Partly because the fines are relatively low — just 35 euros from the Central Market and from 15 to 700 euros for a Food and Veterinary Service violation — and there are no provisions in either the market’s bylaws or Latvian law to shut down repeat offenders.

The FVS admits it cannot do much about the sale of remarked goods unless they catch vendors in the act or find equipment used to alter dates.

Fake label (Photo by Baiba Kļava)Fake label (Photo by Baiba Kļava) “The service is actually powerless, unless we catch someone doing it in that moment,” said Iveta Grīnberga, senior expert at FVS’s Food Distribution Monitoring Division.

Raimonds Tukišs, deputy head of the Riga FVS, concurred that there is no legal way to shut down the stalls because selling out-of-date food is a minor offense.

And what about altering expiration dates?

“Expiration date forgery ... Is it a crime? I can’t really say. I’ll have to think about it,” said Egils Ezis, chief of the Riga Latgale District Police.

Original label (Photo by Baiba Kļava)Original label (Photo by Baiba Kļava) In fact, there is no law against expiration-date tampering.

Tukišs said most products are safe if eaten shortly after the expiration date. Still, there are risks, especially with filled chocolates that may be tainted by salmonella.
Although there are questions about whether the shops sell illegally imported goods, neither the FVS nor the police see this as their responsibility.

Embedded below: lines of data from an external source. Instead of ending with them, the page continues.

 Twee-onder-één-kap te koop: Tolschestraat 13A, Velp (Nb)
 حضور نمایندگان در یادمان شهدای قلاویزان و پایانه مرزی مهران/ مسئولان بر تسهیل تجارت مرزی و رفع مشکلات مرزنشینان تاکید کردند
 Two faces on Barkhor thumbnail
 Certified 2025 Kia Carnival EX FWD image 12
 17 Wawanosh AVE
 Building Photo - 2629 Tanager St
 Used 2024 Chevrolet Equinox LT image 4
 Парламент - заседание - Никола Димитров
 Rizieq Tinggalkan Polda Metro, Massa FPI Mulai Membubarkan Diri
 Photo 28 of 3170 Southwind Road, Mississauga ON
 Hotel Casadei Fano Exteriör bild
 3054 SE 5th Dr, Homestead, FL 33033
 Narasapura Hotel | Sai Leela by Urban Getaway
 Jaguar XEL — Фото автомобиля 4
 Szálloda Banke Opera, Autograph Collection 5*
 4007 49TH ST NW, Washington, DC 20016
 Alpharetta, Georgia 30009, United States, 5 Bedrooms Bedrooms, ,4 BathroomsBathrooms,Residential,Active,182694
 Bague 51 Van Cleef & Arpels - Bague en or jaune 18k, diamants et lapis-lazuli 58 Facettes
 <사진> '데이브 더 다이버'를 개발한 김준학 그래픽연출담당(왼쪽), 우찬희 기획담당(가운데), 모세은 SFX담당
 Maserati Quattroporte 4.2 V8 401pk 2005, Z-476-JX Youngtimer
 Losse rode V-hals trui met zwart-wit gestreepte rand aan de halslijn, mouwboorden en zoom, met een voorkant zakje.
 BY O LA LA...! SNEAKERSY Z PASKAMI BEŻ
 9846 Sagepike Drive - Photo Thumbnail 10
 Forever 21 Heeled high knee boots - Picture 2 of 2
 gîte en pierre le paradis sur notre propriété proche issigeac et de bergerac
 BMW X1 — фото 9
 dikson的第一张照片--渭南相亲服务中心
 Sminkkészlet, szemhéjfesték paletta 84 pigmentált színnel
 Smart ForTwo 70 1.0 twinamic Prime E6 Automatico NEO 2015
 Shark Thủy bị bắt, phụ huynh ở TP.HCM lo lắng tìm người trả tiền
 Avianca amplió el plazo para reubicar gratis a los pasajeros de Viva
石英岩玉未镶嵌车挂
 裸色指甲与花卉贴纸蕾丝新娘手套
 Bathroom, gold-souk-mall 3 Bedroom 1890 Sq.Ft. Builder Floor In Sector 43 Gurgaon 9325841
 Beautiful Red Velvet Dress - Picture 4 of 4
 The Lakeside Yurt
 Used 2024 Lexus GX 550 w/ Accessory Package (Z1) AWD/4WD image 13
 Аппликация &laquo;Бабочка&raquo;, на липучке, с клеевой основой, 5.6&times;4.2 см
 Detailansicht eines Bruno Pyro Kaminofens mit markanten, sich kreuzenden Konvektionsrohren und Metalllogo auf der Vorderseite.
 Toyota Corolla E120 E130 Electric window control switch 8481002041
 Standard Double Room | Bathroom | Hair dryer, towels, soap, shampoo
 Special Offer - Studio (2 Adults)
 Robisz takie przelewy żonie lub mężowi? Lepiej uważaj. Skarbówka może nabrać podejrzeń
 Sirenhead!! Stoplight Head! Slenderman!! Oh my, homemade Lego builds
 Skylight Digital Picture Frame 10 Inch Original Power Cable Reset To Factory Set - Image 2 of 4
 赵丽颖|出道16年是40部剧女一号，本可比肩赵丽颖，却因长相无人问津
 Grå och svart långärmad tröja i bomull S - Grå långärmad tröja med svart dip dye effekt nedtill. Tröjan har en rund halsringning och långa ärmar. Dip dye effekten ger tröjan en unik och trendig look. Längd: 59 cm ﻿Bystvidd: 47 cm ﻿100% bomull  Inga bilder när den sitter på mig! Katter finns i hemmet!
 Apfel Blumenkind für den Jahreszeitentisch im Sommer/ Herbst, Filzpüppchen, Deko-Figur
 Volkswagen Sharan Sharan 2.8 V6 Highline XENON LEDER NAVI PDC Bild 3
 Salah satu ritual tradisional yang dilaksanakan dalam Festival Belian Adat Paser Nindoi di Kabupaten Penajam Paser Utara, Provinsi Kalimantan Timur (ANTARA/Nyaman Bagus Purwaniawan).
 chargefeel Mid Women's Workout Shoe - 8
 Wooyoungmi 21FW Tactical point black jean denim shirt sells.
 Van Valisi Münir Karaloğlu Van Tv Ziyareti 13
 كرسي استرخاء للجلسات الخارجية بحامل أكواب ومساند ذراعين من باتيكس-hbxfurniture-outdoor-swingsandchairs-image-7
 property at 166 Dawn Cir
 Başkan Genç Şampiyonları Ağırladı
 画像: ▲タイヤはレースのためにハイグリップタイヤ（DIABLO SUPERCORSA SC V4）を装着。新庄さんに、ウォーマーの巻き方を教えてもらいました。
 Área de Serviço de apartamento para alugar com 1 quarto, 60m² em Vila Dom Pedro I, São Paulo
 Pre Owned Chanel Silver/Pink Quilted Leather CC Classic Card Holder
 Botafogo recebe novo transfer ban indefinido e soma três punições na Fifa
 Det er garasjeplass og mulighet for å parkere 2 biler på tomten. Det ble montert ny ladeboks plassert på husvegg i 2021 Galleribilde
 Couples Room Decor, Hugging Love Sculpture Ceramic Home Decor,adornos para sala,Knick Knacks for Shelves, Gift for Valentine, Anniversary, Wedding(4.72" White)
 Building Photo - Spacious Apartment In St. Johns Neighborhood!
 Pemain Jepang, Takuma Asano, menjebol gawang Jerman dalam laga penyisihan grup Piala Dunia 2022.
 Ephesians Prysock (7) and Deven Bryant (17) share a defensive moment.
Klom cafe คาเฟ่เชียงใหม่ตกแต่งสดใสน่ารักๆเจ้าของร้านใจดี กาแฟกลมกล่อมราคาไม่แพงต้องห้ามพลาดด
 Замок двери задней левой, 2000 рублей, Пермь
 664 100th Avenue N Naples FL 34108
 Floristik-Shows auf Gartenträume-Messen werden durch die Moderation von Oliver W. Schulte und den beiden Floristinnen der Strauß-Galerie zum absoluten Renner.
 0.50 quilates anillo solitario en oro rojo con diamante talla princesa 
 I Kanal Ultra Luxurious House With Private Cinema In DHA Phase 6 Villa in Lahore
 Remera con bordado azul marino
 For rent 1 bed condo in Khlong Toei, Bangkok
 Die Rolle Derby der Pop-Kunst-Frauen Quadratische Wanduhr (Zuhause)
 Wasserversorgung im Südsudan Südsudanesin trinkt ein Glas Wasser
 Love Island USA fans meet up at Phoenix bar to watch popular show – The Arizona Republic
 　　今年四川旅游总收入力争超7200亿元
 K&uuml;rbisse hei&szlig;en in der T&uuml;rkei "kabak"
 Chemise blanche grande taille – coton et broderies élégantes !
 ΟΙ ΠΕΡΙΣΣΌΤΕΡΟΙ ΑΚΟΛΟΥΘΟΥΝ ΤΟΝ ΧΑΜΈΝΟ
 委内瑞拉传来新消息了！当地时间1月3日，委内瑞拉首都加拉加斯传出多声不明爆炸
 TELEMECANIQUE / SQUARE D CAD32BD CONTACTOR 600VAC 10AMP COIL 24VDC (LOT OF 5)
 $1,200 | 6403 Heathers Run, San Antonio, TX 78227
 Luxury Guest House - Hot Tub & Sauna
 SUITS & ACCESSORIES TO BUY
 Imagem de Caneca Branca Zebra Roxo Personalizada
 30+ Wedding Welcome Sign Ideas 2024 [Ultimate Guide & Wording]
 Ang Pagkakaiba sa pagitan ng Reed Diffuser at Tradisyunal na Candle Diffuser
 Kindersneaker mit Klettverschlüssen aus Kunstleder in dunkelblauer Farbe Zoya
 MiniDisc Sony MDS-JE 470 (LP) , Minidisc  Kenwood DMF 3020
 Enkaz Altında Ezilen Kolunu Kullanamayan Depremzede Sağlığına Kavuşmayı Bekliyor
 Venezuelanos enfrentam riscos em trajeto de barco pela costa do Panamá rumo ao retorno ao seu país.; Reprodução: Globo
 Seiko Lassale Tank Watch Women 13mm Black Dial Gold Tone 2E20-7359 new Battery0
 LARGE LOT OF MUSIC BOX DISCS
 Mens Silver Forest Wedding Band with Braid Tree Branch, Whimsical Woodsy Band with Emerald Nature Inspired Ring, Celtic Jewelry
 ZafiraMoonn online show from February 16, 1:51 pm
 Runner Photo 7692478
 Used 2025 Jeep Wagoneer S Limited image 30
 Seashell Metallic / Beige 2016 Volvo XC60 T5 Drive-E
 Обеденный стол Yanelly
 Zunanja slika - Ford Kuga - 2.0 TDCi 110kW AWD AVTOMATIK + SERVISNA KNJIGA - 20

Tukišs said it is not the job of the police, not FVS, to determine the origin of the goods. Ezis, meanwhile, said the police can act only if someone  files a complaint alleging a crime such as tax evasion or fraud.

Still, selling old food is clearly a violation of the Central Market’s tenant rules. Given the extent of the fines Solovs and Fildaros have amassed, why are they allowed to continue doing business?

Vladimir Kazarinov, head of the market’s Organization of Trade Department, said a tenant’s contract can be terminated for repeatedly violating market rules, but because the market has no system to track violations, it impossible to determine which companies are repeat offenders.

Marija Piščikova, the head of the market’s Sanitary Department, said she is aware that Solovs and Fildaros frequently incur violations for selling expired food. But she said she considers it a minor issue.

She said her department is mainly concerned with the safety of raw goods that could spoil, not packaged wares.

“We have no concern about Solovs,” she said. “I take it [expired food] along the way, throw it in the trash, and that is all.” Asked by a journalist why she simply throws the food away rather than writing an official report about multiple violations at the stall, she replied, “You can complain about me to the UN.”

Food confiscated by inspection (Photo by Baiba Kļava)Food confiscated by inspection (Photo by Baiba Kļava)

 

An Inspection

After being asked for comment on falsified goods, the FVS arranged an inspection of three Solovs food stalls in late February.

Two inspectors wearing disposable green coats washed their hands and began to comb through one stall’s wares shortly after 10 a.m. Almost immediately they found suspiciously labeled packages plastered with stickers covering up older expiration dates, which they dumped into large, green plastic bags.

Zoja, a woman working at one of the stalls, spoke no Latvian. In Russian she said she had only worked there for two weeks and knew nothing about re-labeling.

“We receive what is brought from the warehouse,” she said. “We do nothing. They supply us with everything.”

All told, 285 kilograms of food were confiscated from the three Solovs stalls, and 1,900 euros in fines — almost as much as the company’s declared profits for the past two years combined — were issued.

But no stalls were closed. On a recent day, “Shanghai” was as crowded as usual, thronging with teenagers from nearby schools and adults looking for a bargain.

One shopper, Dace Liepiņa said she often visits the stalls because they’re easier to navigate and the prices are better than at supermarkets.

“The offerings are very wide,” she said. “Why not use it as an opportunity to save some money?”

But Liepiņa said fake labels give her pause.

"I wouldn't want to buy an old product because I don't know exactly how old it is — maybe it's a month, maybe it's a year, maybe it's even more,’’ she said. “Thank God everything has been fine so far, but you can never know."